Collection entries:

/---

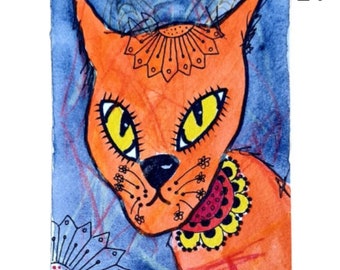 Whimsical Cat Art Print: Naive Style Illustration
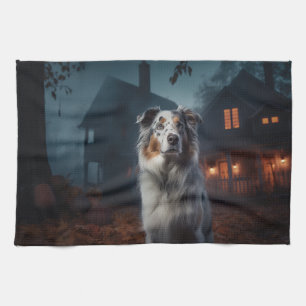 Australian Shepherd Halloween Scary Kitchen Towel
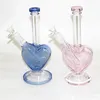 9 inches kärlek blå rosa hjärta form bong hookah 5mm glas rökning vattenrör dab rigstrar 14mm fog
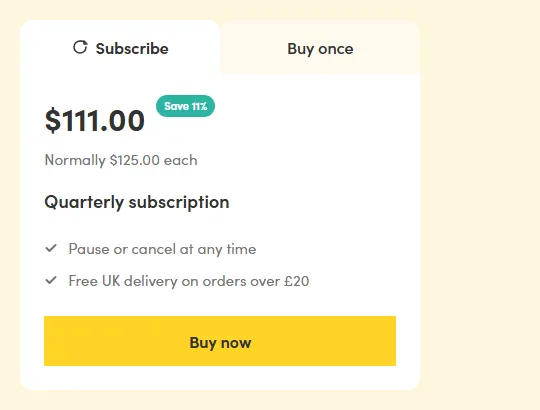 Vitl subscription buy box, US storefront, captured 2026-09-13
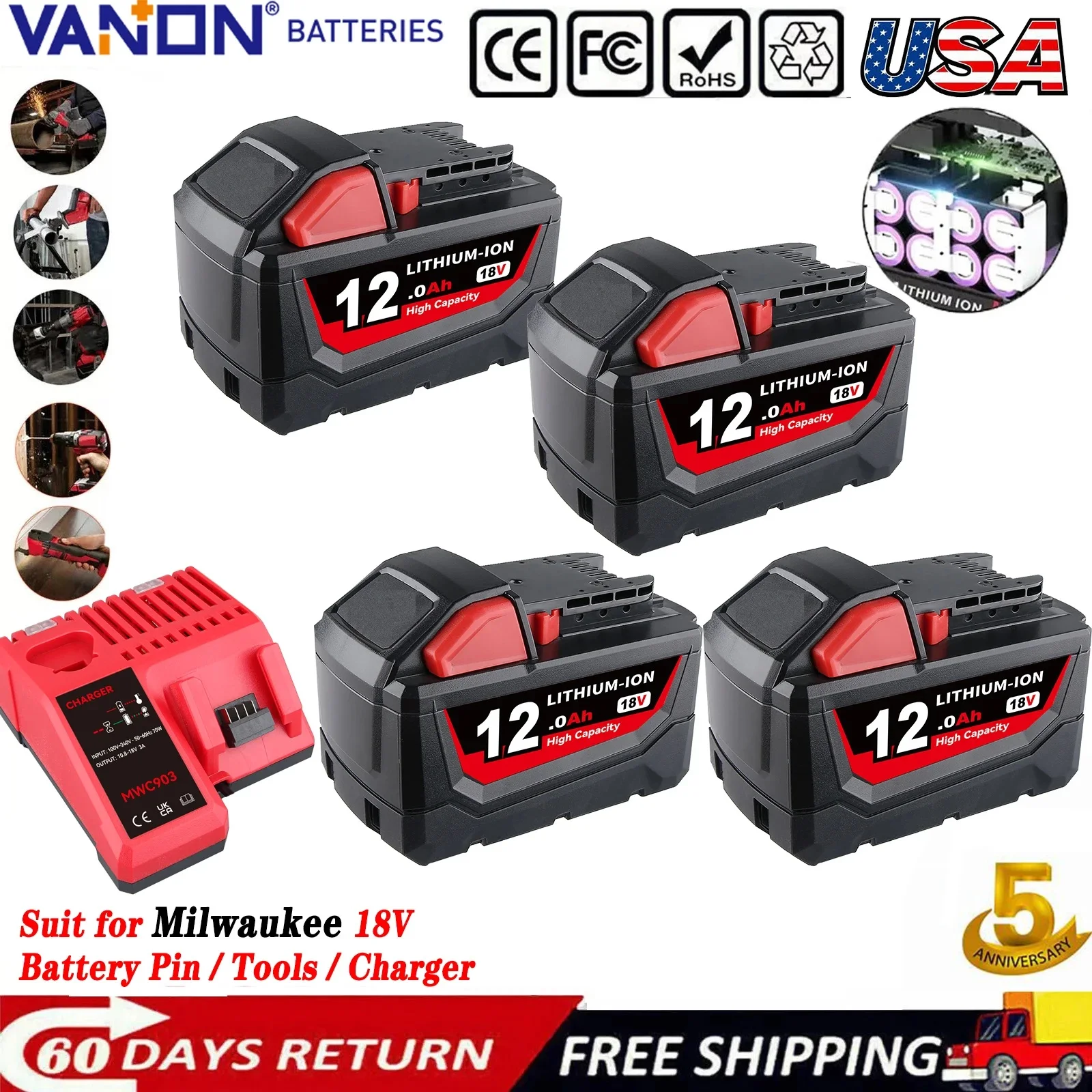 

VANON 1/2/4Pcs 12.0Ah M18 Replace for Milwaukee 48-11-1812 48-11-1820 18V Li-on Battery Pin and 3A 12-18V M12-18C Charger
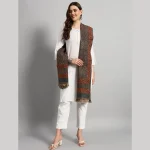 Women Oversized Cashmere Grey Floral Shawl - Image 3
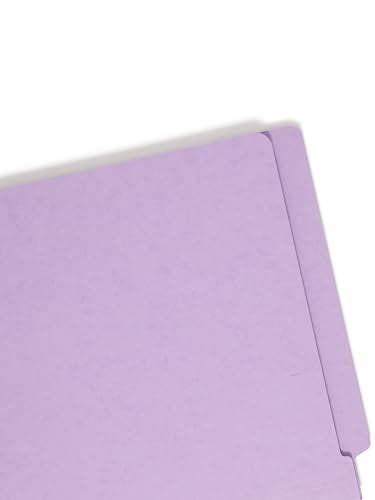 Smead End Tab Fastener File Folder, Shelf-Master® Reinforced Straight-Cut Tab, 2 Fasteners, Legal Size, Lavender, 50 per Box (28540)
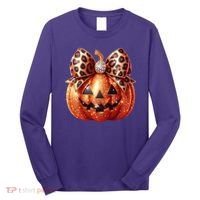 Cute Halloween Pumpkin Leopard Bow Long Sleeve Shirt thumb 0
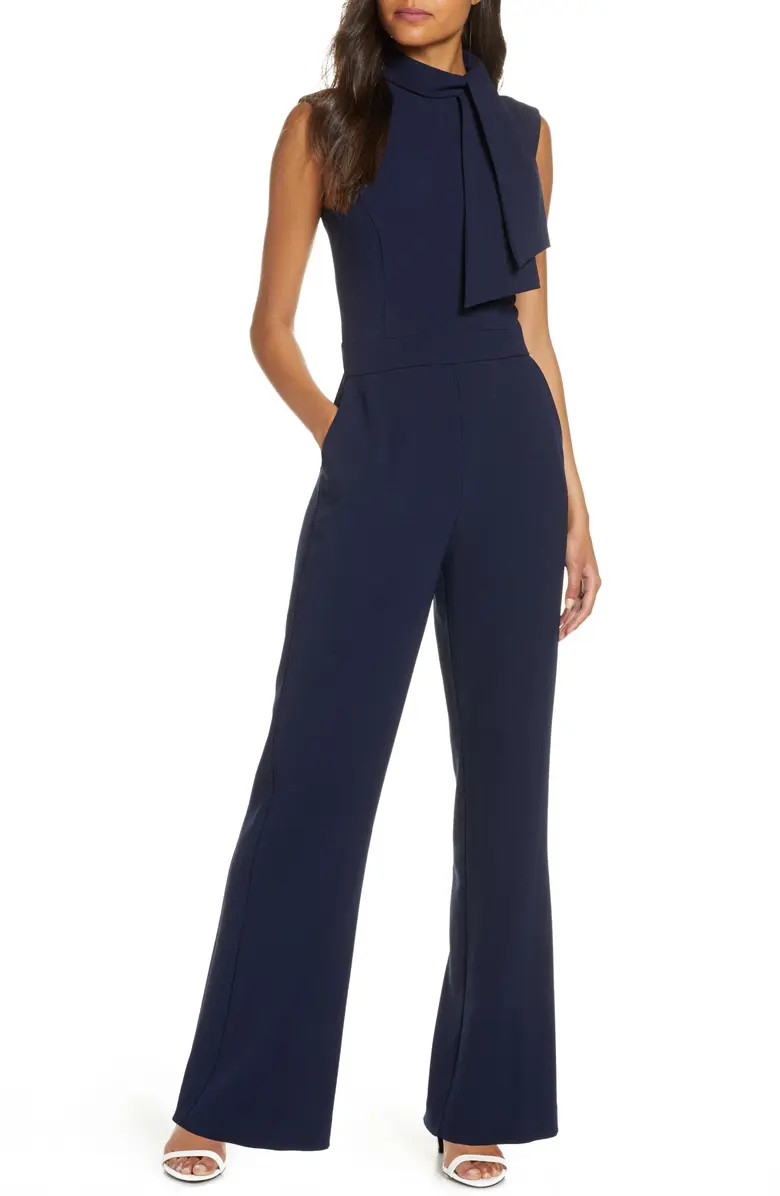 Scarf Neck Crepe Jumpsuit | Nordstrom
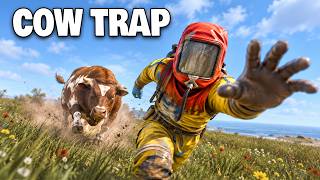 YouTube thumbnail for JordanRants's video titled 'I Built a GIANT Cow Pit Trap Base in Rust (20+ COWS!)'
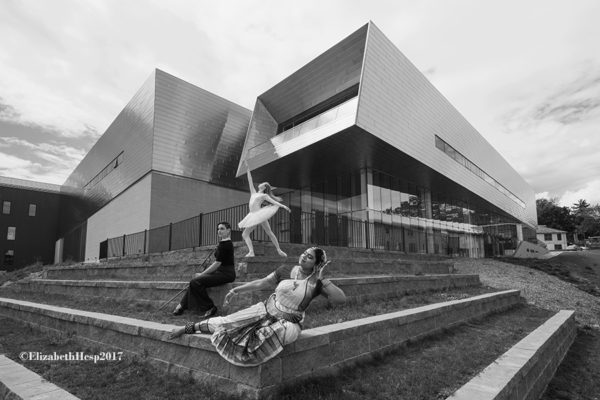 Elizabeth Hesp fine art photograph of a Bharatanatyam dancer, a ballerina and a violinist posing on the steps outside the Isabel Bader Centre of the Performing Arts Centre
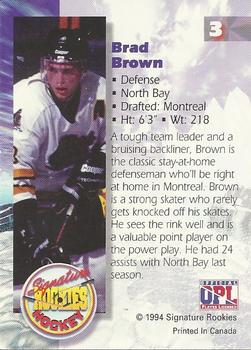 1994-95 Signature Rookies - Promos Exchange #3 Brad Brown  Back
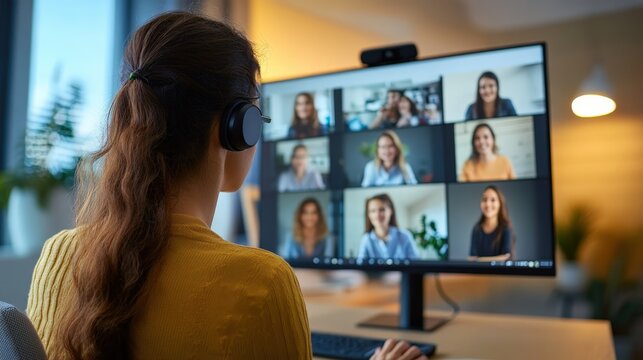 A non-profit leader conducting a virtual meeting with volunteers, discussing upcoming charity initiatives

\---

Requirement
An exact copy of all the records, free of pictures, is the expected answer.

Finished task
 Whimsical Cat Art Print: Naive Style Illustration
 Australian Shepherd Halloween Scary Kitchen Towel
 9 inches kärlek blå rosa hjärta form bong hookah 5mm glas rökning vattenrör dab rigstrar 14mm fog
 Vitl subscription buy box, US storefront, captured 2026-09-13

VANON 1/2/4Pcs 12.0Ah M18 Replace for Milwaukee 48-11-1812 48-11-1820 18V Li-on Battery Pin and 3A 12-18V M12-18C Charger
 Women Oversized Cashmere Grey Floral Shawl - Image 3
 Smead End Tab Fastener File Folder, Shelf-Master® Reinforced Straight-Cut Tab, 2 Fasteners, Legal Size, Lavender, 50 per Box (28540)
 Cute Halloween Pumpkin Leopard Bow Long Sleeve Shirt thumb 0
 Scarf Neck Crepe Jumpsuit | Nordstrom
 YouTube thumbnail for JordanRants's video titled 'I Built a GIANT Cow Pit Trap Base in Rust (20+ COWS!)'
 Elizabeth Hesp fine art photograph of a Bharatanatyam dancer, a ballerina and a violinist posing on the steps outside the Isabel Bader Centre of the Performing Arts Centre
 1994-95 Signature Rookies - Promos Exchange #3 Brad Brown  Back
 A non-profit leader conducting a virtual meeting with volunteers, discussing upcoming charity initiatives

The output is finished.